## DATASET CONTENT
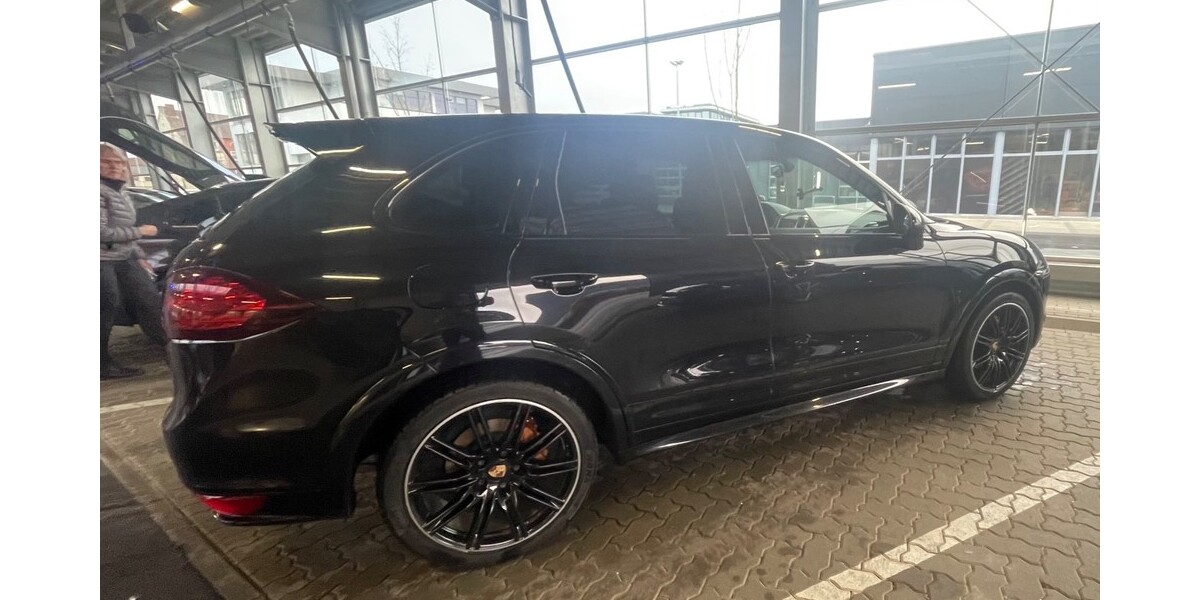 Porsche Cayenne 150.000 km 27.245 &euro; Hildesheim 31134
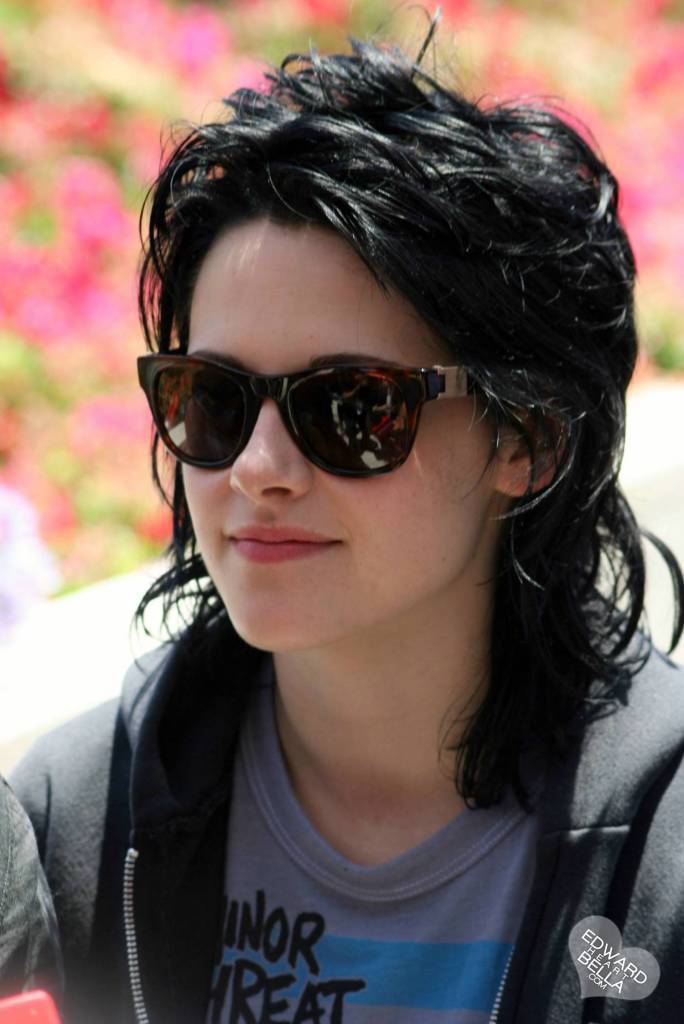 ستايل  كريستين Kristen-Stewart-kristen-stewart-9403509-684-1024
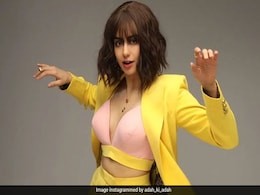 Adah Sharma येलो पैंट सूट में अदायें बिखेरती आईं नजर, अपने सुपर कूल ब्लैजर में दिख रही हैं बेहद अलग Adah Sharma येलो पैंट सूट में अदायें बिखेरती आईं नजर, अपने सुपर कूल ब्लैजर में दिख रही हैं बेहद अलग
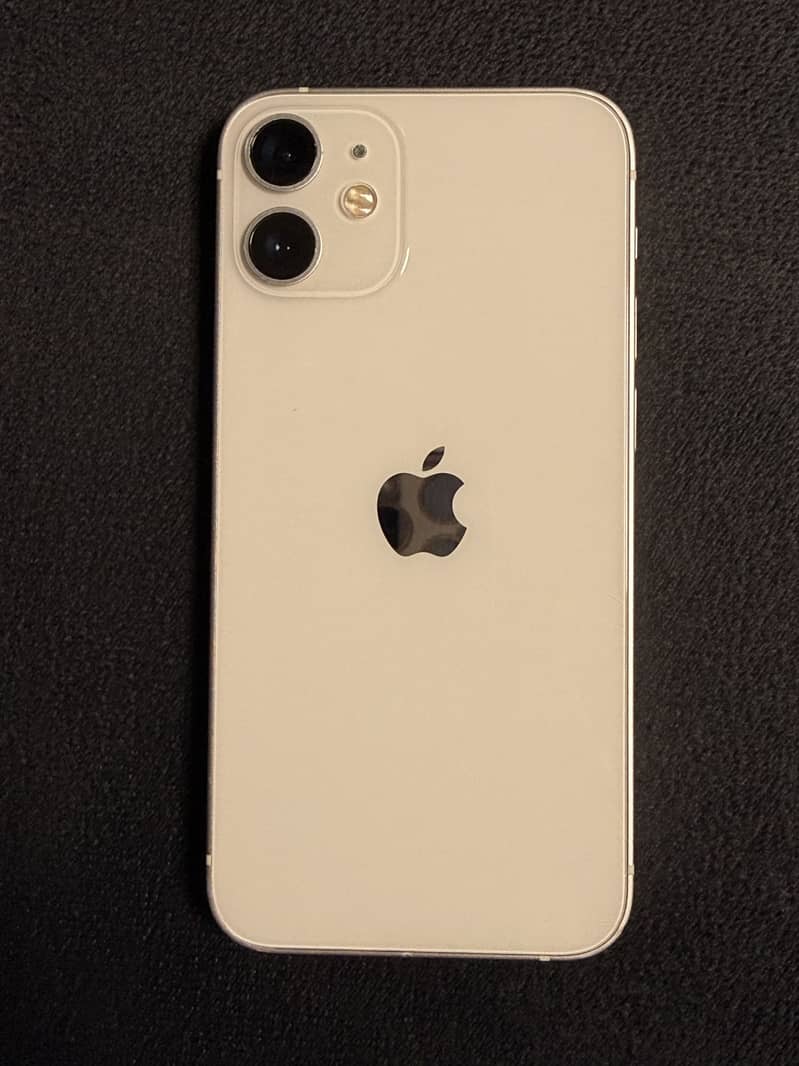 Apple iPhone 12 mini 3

## PROBLEM STATEMENT
Please retype the whole of the data precisely, omitting pictures.

## RESPONSE AREA
 Porsche Cayenne 150.000 km 27.245 &euro; Hildesheim 31134
 ستايل  كريستين Kristen-Stewart-kristen-stewart-9403509-684-1024
 Adah Sharma येलो पैंट सूट में अदायें बिखेरती आईं नजर, अपने सुपर कूल ब्लैजर में दिख रही हैं बेहद अलग Adah Sharma येलो पैंट सूट में अदायें बिखेरती आईं नजर, अपने सुपर कूल ब्लैजर में दिख रही हैं बेहद अलग
 Apple iPhone 12 mini 3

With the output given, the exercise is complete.